The best case scenario is putting 8130.8 back the way it was prior to the 5-year cycle student shuffle it is now. Just because they missed their target this time does not mean FCPS is done here. Not even close. They are just laying low, regrouping, and adjusting. (I recognize that it does not feel that way for some families, but this version is VERY scaled back).
Anonymous
Anonymous wrote:
Anonymous wrote:
Anonymous wrote:How can we get them to not do this every 5 years? This is a brutal process and a ginormous waste of funds.

I still don’t understand why they touched Coates when that’s going through a more thorough process.


Between now and five years from now, there are school board elections. Organize now. Recruit candidates now. Someone who can get elected and will run on reversing this misguided approach.

It's funny that after seeing the relatively minor changes, you're all freaking out. This is really the best case scenario.

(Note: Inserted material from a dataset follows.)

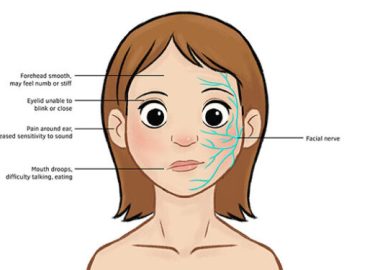 বেলস পালসি (What is Bell’s Palsy) ও কিছু কথা 13 bells pulsi 580x375 1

It’s not the best case scenario if your kids are being moved against your wishes, or if you wanted them to follow a process aligned with Policy 8130. Many of these proposals create as many problems as they solve, and it will be five months before people have any idea whether and how the proposals are being modified.
Anonymous
Anonymous wrote:
Anonymous wrote:
Anonymous wrote:It seems like Thru came up with something because they HAD to, but were far more limited than FCPS originally intended. The result is some things that do not appear to make any sense and run counter to the existing guidance in 8130.8.

If you are affected by a weird proposal, I would treat the “odd proposals” as a softball tossed to you by Thru. Identify all the relevant factors in 8130.8 and how they are not met/guide counter to the proposal. Then provide that feedback in the upcoming sessions and to your SB reps.

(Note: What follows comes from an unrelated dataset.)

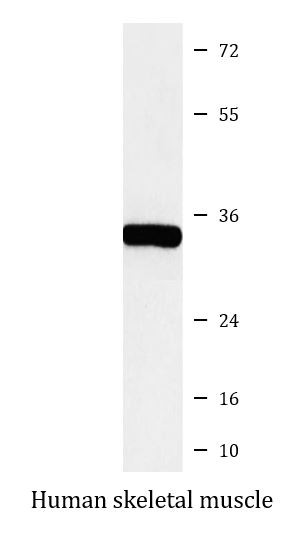 Anti-SGCG / gamma Sarcoglycan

The way I understand the process, Thru will take thud feedback, but it is up to Reid to make a proposal and the SB to accept or deny the proposal. 8130.8 provides for a number of areas for superintendent discretion. Focus on those:

https://go.boarddocs.com/vsba/fairfax/Board.nsf/files/D7HREM6DA7C5/$file/P8130.pdf

Focus on the factors on page 3.



So HV families should question the creation of a new split feeder when they were aiming to get rid of them?

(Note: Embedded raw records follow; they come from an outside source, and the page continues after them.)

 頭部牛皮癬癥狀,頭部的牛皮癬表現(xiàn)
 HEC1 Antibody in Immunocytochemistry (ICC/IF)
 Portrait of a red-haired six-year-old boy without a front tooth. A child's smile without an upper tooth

Hunt Valley isn’t a split. Those kids will attend Newington Forest.

If they were being moved, there would be a slide showing the number of students moved and the impact on capacity. They’re turning HV into a split feeder because they feel if the split is > 25% it doesn’t count as a split feeder.
Anonymous
Anonymous wrote:
Anonymous wrote:
Anonymous wrote:
Anonymous wrote:
Anonymous wrote:
Anonymous wrote:
Anonymous wrote:Looks like the slides are up: https://www.fcps.edu/sites/default/files/5-5-2025SuperintendentBoundaryReviewAdvisoryCommitteePresentation.pdf


Interesting that instead of starting new, they used the prior fixes from the other two meetings.

And yes, this just goes further to confirm that they are going to tinker around the edges and not move many kids.


Well I guess all the parents on freaking out about their high schoolers can just calm the F down.

-Carson mom who is still in shock that they didn't touch our school (except that tiny chunk of Chantilly Highlands they are now sending to Oakton)


High schools where kids may be reassigned to other schools possibly without grandfathering under Thru Consulting proposals:

Centreville
Chantilly
Edison
Fairfax
Lake Braddock
Marshall
McLean
Mount Vernon
South County
Westfield
West Potomac
West Springfield
Woodson

School with by far the longest commutes where no kids would be reassigned under Thru Consulting proposals:

Langley

The courage of Dr. Reid and the School Board is truly impressive, lol.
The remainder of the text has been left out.